Bringing eight books to a book signing is not cool for the author or the fans. Most signings are specifically to promote a new book. While authors are usually very nice and don’t like saying no, imagine if you had to sign your name once for the hundred people at a signing. Now imagine if every fan brought five books. Your hand would kill! It’s no wonder Suzanne Collins used a stamp on her Mockingjay tour.

If you’ve got a lot to say to an author, consider writing him or her a letter to give in person. Again, most of the authors I’ve met are really nice and love to hear the impact they’ve had in people’s’ lives.  However, long lines suck. It’s one thing to say you love their work or ask a burning question. It’s another to tell the author your whole life story.

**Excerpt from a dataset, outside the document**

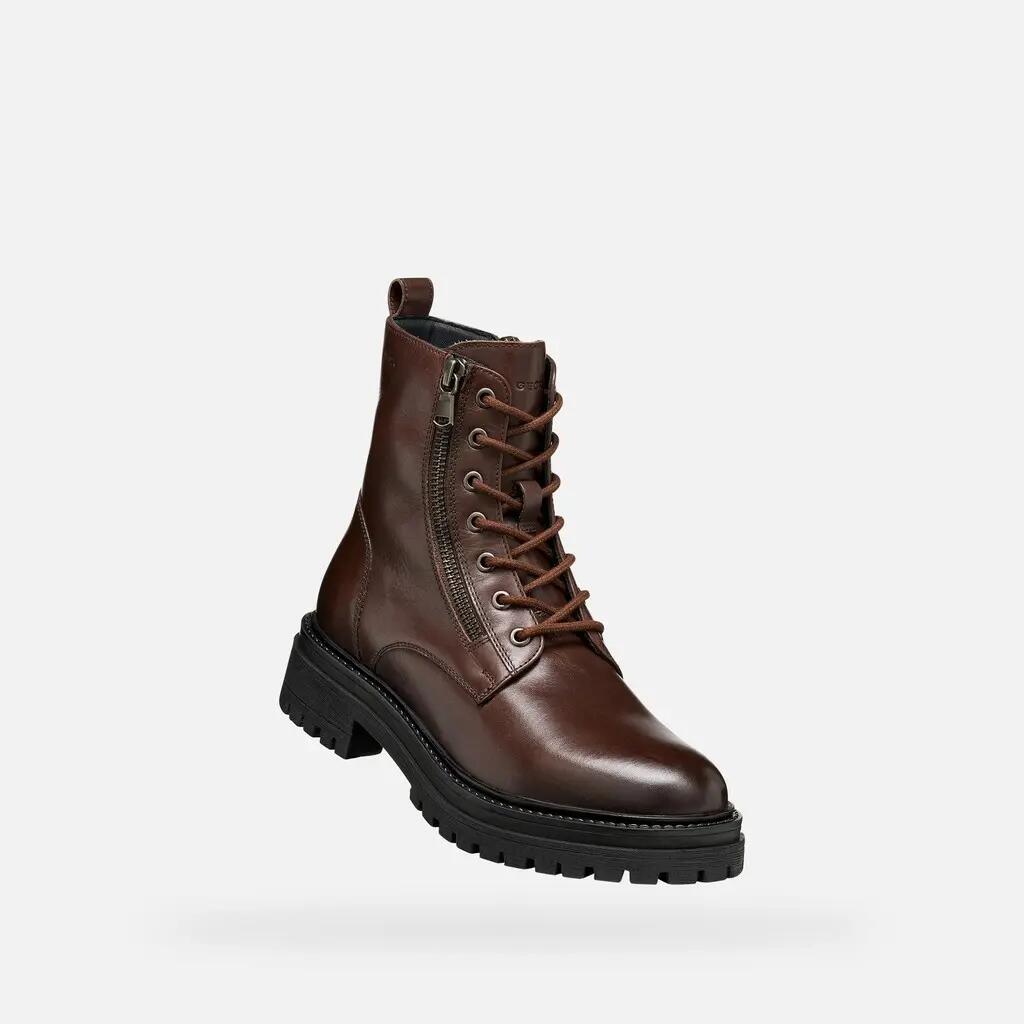 Stiefel Geox Modell D16HRF für unisex 6/7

Authors are really active on social media, so it’s very easy to reach out to them with lengthier comments on the interwebs. Or, consider putting yourself at the end of the line if you’ve got a lot to say.

3. If you don’t care what the author has to say, don’t go.

I love having signed, first editions. I think it’s super cool that my books will be worth something some day (not that I’d sell a single one). When I go to a signing though, it’s because I genuinely care what the author has to say. If all you want is the signed book, look online. Most authors, especially around Christmas, will sign books at a store near them and the store will ship them to you. Christopher Moore, Richelle Mead, and Maggie Stiefvater, three bestselling authors, all do it. Usually a store hosting an author will also have the author sign extra copies and sell them signed.

The most memorable moment I have from Book Con is halfway through the Cassandra Clare/Holly Black/Maggie Stiefvater panel, someone started setting up free books in the back of the room to hand out after the panel. I was floored that by the end of the panel, more than half the audience had gotten out of their seats to get in line for free books. While the authors were speaking. To me, that is so disrespectful. A fan is there for the author. A fan would rather soak in any time with the author than have free things.  I can not fathom what would make these people be so disrespectful.


Seriously, people. It’s common sense. Just because other people do it doesn’t mean it’s right.  As readers, we’re supposed to be more intellectual. Can’t that also mean we’ve got good morals? Lets not have events feel more like Lord of the Flies than the jungle scene in Mean Girls. We’re better than that, I think.